Scripture describes our Savior as “the Father and the Son.”
5
Having dwelt in flesh and subjected the flesh to the will of the
Father, our Savior knows how to succor us, His people, in our pains,
afflictions, temptations, sicknesses, even death.
6
Having “descended below all things,”
7
our Savior can bear our griefs and carry our sorrows. “He was
wounded for our transgressions, … bruised for our iniquities … ; [with
our Savior’s] stripes we are healed.”
8
From
the councils in heaven, our Savior sought only to do His Father’s will.
This pattern of Father and Son can help explain the paradox “He that
loseth his life for my sake shall find it.”
9
The world pursues enlightened self-interest. Yet the power is not in us to save ourselves. But it is in Him. Infinite and eternal,
10
only our Savior’s Atonement transcends time and space to swallow
up death, anger, bitterness, unfairness, loneliness, and heartbreak.
Sometimes
things go wrong even though we have done our very best. A Lamb innocent
and pure, our Savior weeps with and for us. When we always remember
Him,
11
He can stand with us “at all times and in all things, and in all places that [we] may be in.”
12
His “faithfulness is stronger than the cords of death.”
13
In drawing us to Him, our Savior also draws us to our Father in
Heaven. While some things are imperfect on earth, we can trust our
Heavenly Father to complete “redemption’s grand design, where justice,
love, and mercy meet in harmony divine!”
14
A
miracle of the images we discern in temple mirrors of eternity is that
they—we—can change. When Jean and Walter Gong entered the new and
everlasting covenant, they opened the way for ancestors (such as First
Dragon Gong) to be sealed and for posterity to be born in the covenant.

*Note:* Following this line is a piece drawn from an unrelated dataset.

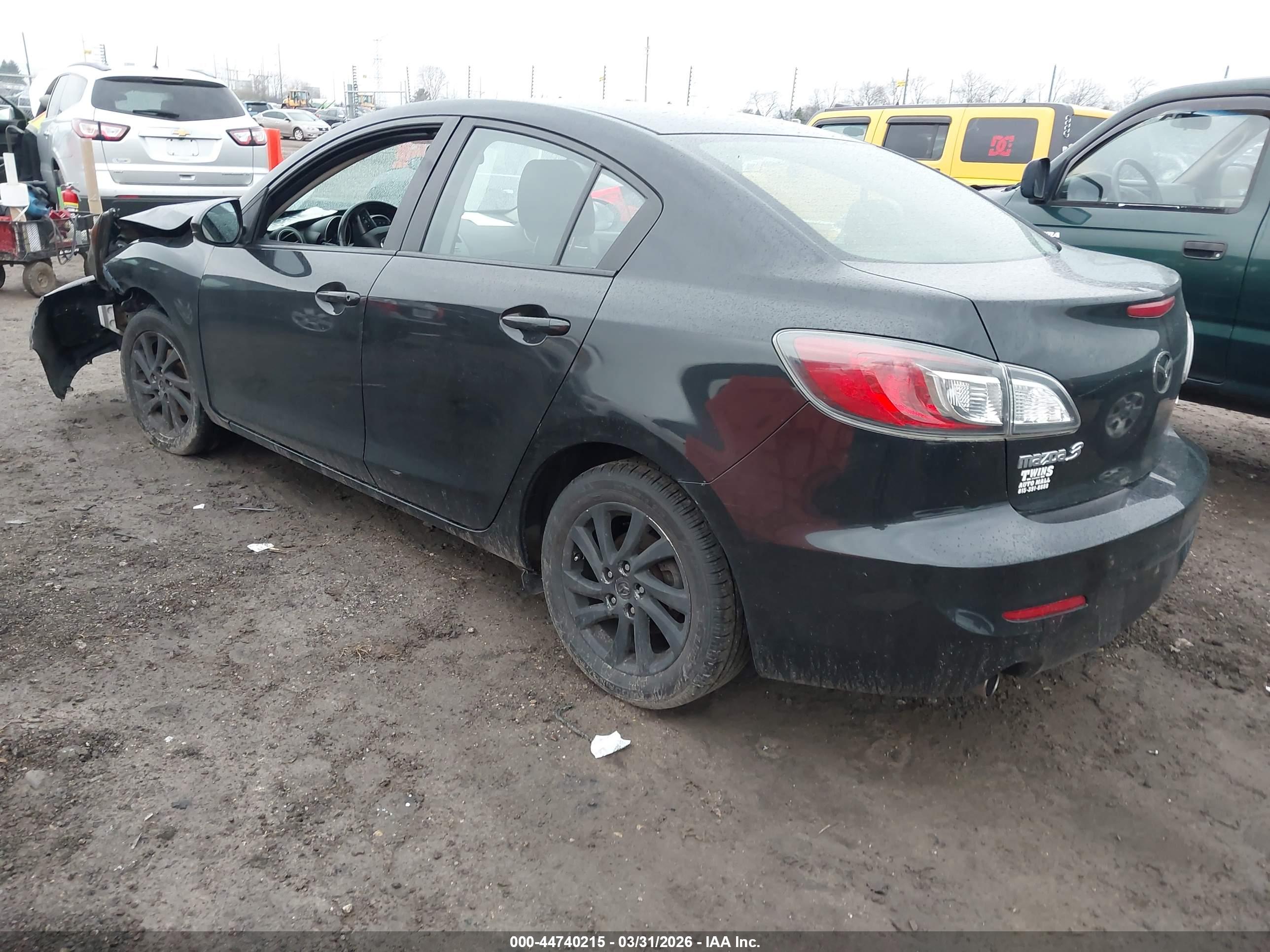 MAZDA MAZDA3 image 3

Please remember: as we reach out to each sister or brother, we bless
generations.
The world is in commotion,
15
but in His “only true and living Church,”
16
there is faith and no fear. In the words of the Apostle Paul, I also solemnly testify:
“For I am persuaded, that neither death, nor life, …
“Nor
height, nor depth, nor any other creature, shall be able to separate us
from the love of God, which is in Christ Jesus our Lord.”
17
I humbly witness: God lives. He “shall wipe away all tears from [our] eyes”
18
—except the tears of joy when we see through temple mirrors of
eternity and find ourselves home, pure and clean, our family generations
sealed by priesthood authority in love, to shout, “Hosanna, hosanna,
hosanna.” In the name of Jesus Christ, amen.